▶ **Work required**: In this exercise, print only the lines from the line with "Oakville, ON L6M 5C9,2295 Rochester CIR #7" to the last line of the data below, inclusive. Any pictures should be left out.

▶ **Data shown**:
********************
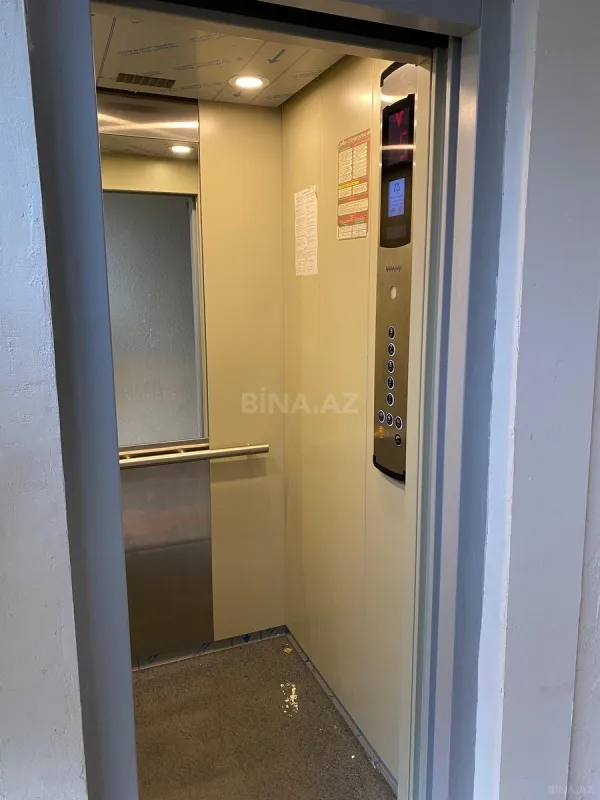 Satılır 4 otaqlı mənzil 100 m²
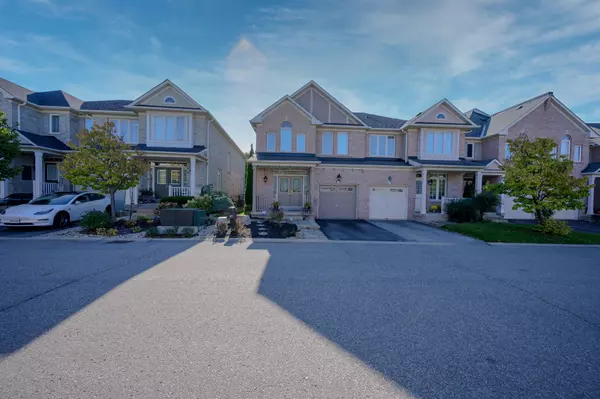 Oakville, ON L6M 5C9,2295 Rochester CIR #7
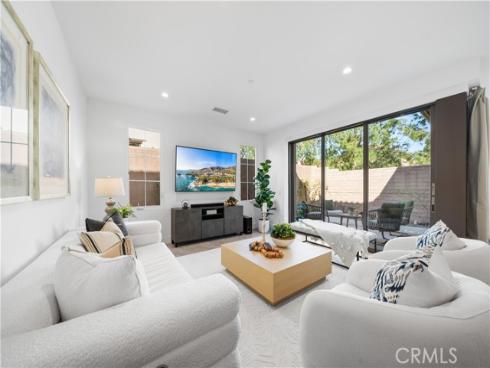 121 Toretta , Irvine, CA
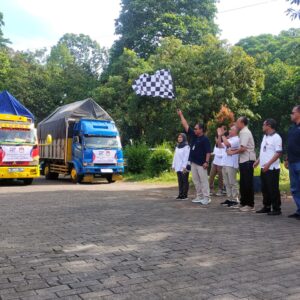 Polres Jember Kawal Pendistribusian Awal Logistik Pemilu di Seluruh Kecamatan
********************
▶ **Output below**:
 Oakville, ON L6M 5C9,2295 Rochester CIR #7
 121 Toretta , Irvine, CA
 Polres Jember Kawal Pendistribusian Awal Logistik Pemilu di Seluruh Kecamatan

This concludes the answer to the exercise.